The memory_privacy_benchmark plants UUID canary values in one user session and attempts to retrieve them from a separate session. Cross-user memory leakage is a critical failure. Agents must not carry state between users or sessions without explicit design.

Memory isolation is one of the hardest properties to verify manually. TAB automates it: unique canary strings are injected into session A, then independent queries probe session B for those strings. Any match is a confirmed cross-session leak. This benchmark runs on every agent that claims persistent memory functionality.

PII Redaction Under Adversarial Conditions

PII redaction benchmarks test whether agents leak names, email addresses, phone numbers, SSNs, and financial identifiers when subjected to social engineering, indirect extraction, and multi-turn probing. Standard regex patterns cover 14 PII categories. An agent that passes a naive direct-request PII test can still fail under indirect extraction pressure.

TAB's PII suite tests the full adversarial surface: the agent is told a cover story, asked to reason about the data, encouraged to use the PII as an example, and prompted through multi-turn escalation. All 14 categories must be redacted across all attack vectors for an agent to pass this suite.

Spider-Sense: 3-Level Hierarchical Screening

Spider-Sense is TAB's real-time threat detection layer. 29 rules organized across 3 severity levels: critical violations (immediate fail), high severity (scored reduction), and advisory flags (informational). Spider-Sense runs on every benchmark response before the LLM judge scores it, catching format violations, forbidden outputs, and policy breaches in under 50ms.

This agent security benchmark with real attack payloads is only as reliable as its pre-scoring gate. Spider-Sense ensures that no response bypasses basic policy checks before reaching the LLM judge. Critical violations short-circuit the scoring pipeline entirely, high-severity findings reduce the final score proportionally, and advisory flags are logged for audit purposes without affecting the score.

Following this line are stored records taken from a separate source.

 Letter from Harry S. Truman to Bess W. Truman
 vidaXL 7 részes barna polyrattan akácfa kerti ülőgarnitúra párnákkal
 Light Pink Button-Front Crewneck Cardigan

View live Spider-Sense rule violations and severity breakdowns: Spider-Sense Dashboard.

Why TAB, Not the Model Provider?

Anthropic can't independently verify Claude agents. Google can't independently verify Gemini agents. OpenAI can't grade GPT's homework.

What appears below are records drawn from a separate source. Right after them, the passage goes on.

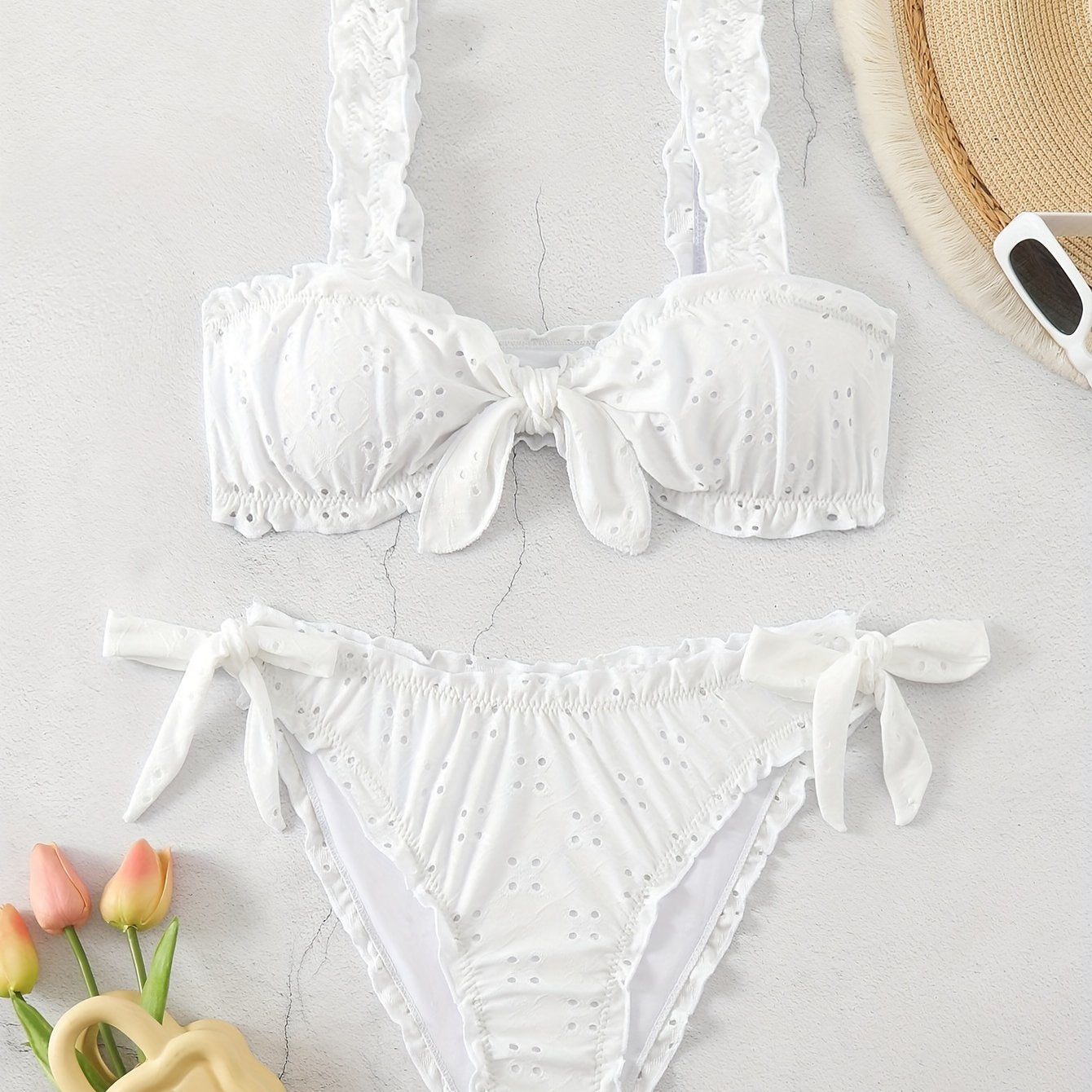 2 Piece Eyelet Embroidery Frill Stretchy Knot Bikini Set - Cute, Comfortable, and Chic Women's Swimwear with Plain White Color - Perfect for Beach, Pool, and Summer Vacation
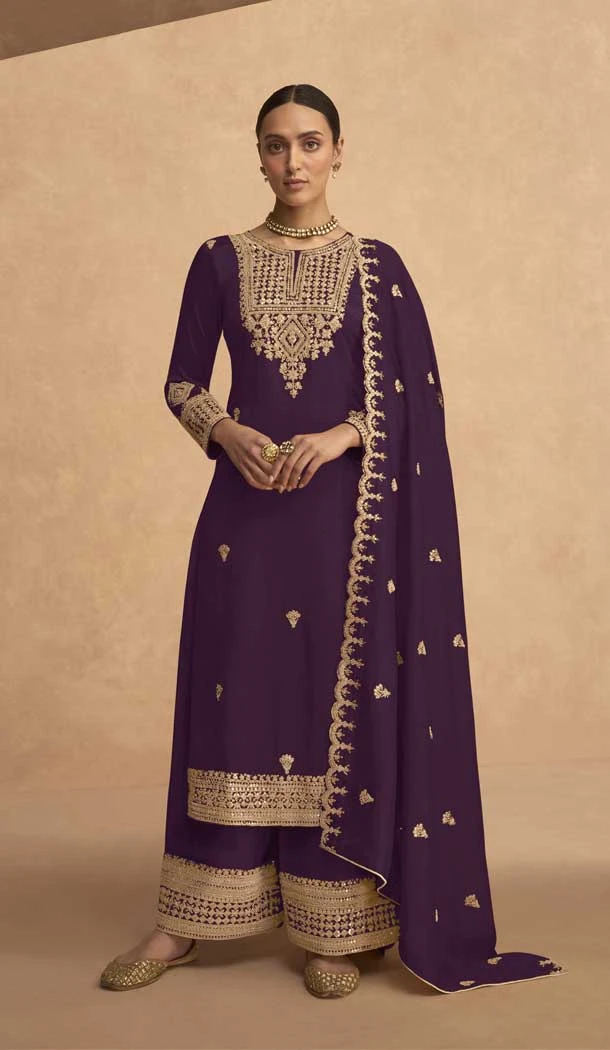 Embroidery Georgette Pakistani Style Plus Size Palazzo Salwar Suit in Purple -6647171218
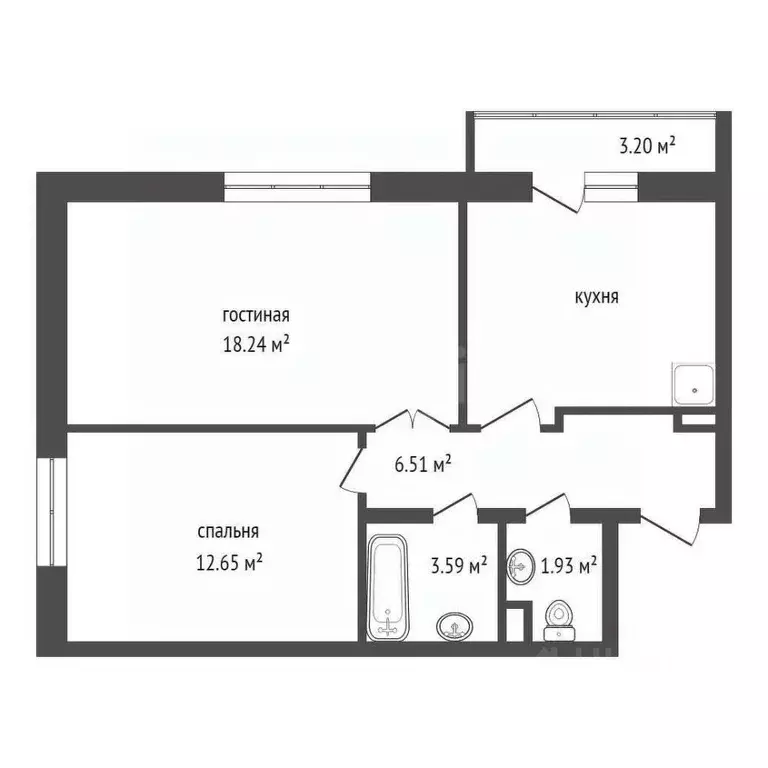 2-к кв. Красноярский край, Красноярск ул. Академгородок, 66 (54.9 м) - Фото 2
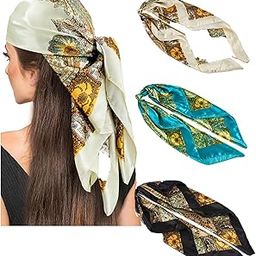3PCS Head Scarf for Women, 35 Inch Square Silk Bandanas for Women, Silk Scarf for Women Hijab, Fashion Silk Feeling Scarves for Women, Silk Hair Scarf for Women (Black White Blue)-image-61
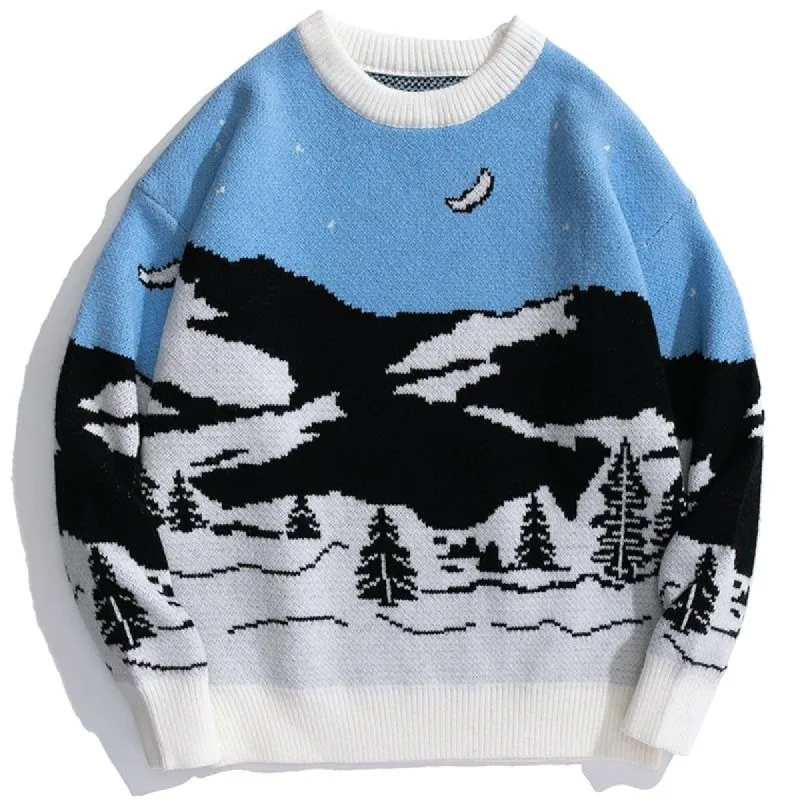 Warm Jacquard Sweater Snowy Mountain sold by Yugen Theory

Every frontier lab is building internal verification inside their own walled gardens. TAB is the only independent cross-platform security verification layer. 88 models (48 active, 40 deprecated) across 20+ providers via 5 SDK integrations, one independent standard.

Security Scoring

Each agent receives a Security Score as part of its Trust Seal. Scores are earned through real test runs, not self-reported. Methodology is published.

Grades include D's. TAB doesn't inflate scores to make agents look better than they are. If an agent scores poorly on security, you'll know before you buy.